**Materials provided**.
* * * *

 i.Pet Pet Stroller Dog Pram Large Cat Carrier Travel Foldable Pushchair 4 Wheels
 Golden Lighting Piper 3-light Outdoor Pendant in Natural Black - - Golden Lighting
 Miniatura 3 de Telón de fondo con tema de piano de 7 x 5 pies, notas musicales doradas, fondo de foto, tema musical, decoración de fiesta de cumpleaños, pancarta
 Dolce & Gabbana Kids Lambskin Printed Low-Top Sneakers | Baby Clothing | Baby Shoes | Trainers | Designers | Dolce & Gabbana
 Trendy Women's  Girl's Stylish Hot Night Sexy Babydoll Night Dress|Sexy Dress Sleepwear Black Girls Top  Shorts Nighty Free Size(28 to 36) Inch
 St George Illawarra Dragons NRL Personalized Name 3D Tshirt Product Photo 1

* * * *

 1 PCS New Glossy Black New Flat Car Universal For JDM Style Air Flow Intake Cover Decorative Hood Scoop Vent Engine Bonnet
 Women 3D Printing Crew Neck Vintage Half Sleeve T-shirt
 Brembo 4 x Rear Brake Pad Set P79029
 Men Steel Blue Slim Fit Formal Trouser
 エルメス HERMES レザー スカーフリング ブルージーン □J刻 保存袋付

* * * *

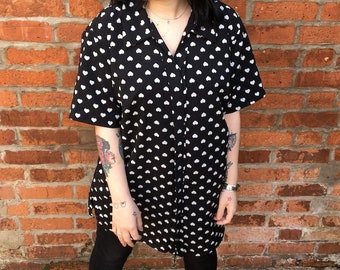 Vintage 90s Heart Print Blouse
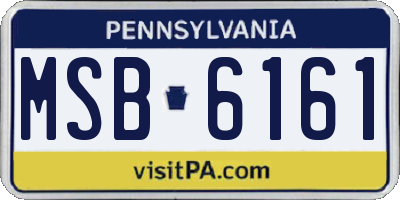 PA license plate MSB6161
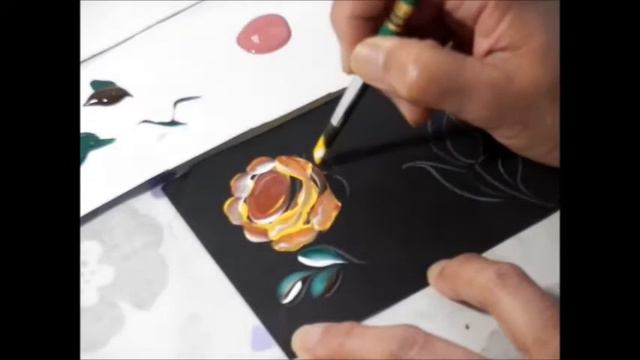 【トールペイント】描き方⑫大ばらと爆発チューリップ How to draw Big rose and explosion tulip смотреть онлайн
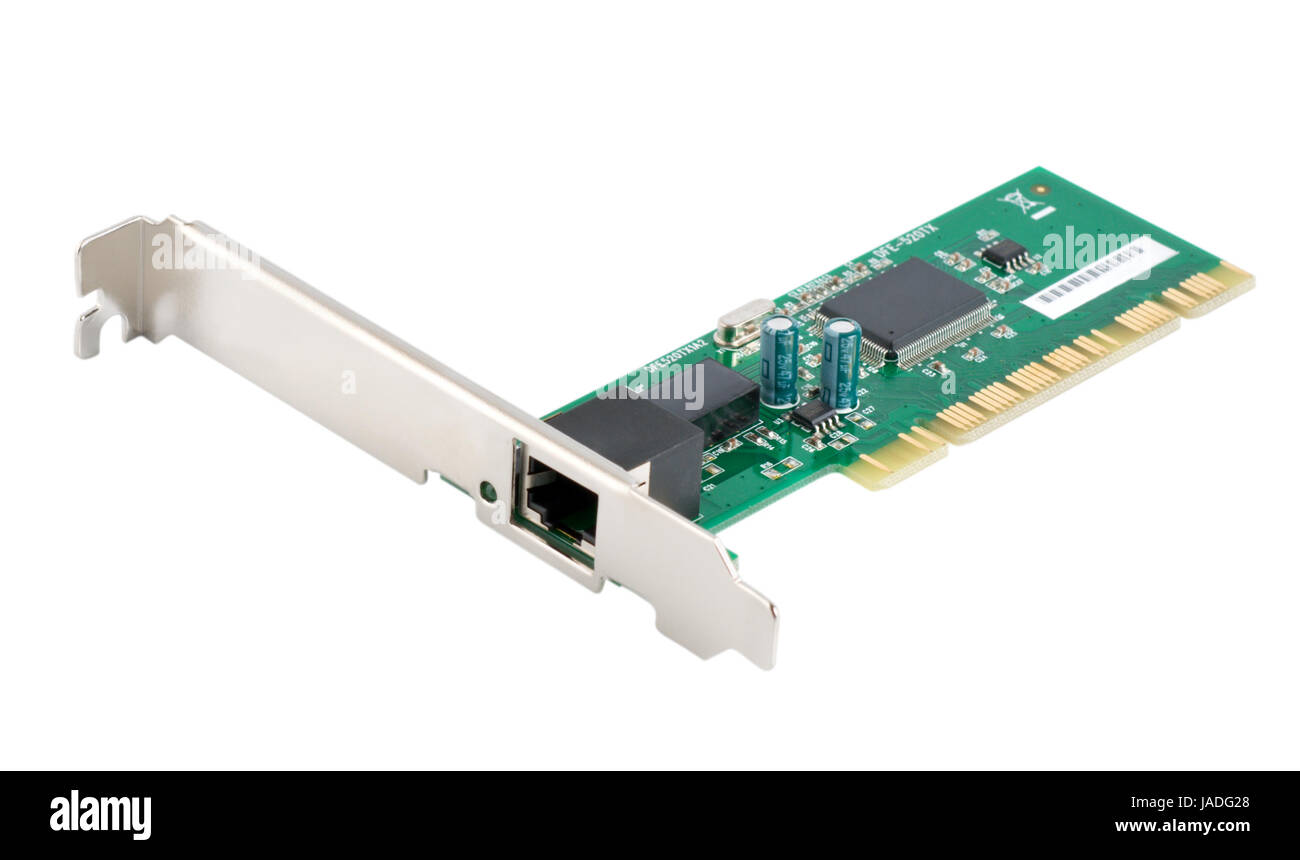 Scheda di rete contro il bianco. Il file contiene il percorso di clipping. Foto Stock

* * * *

**Prompt**.
In the data above, which lines lie between the line with "Miniatura 3 de" and the line with "St George Illawarra", inclusive? Print those lines exactly and nothing else.

**Written answer**.
 Miniatura 3 de Telón de fondo con tema de piano de 7 x 5 pies, notas musicales doradas, fondo de foto, tema musical, decoración de fiesta de cumpleaños, pancarta
 Dolce & Gabbana Kids Lambskin Printed Low-Top Sneakers | Baby Clothing | Baby Shoes | Trainers | Designers | Dolce & Gabbana
 Trendy Women's  Girl's Stylish Hot Night Sexy Babydoll Night Dress|Sexy Dress Sleepwear Black Girls Top  Shorts Nighty Free Size(28 to 36) Inch
 St George Illawarra Dragons NRL Personalized Name 3D Tshirt Product Photo 1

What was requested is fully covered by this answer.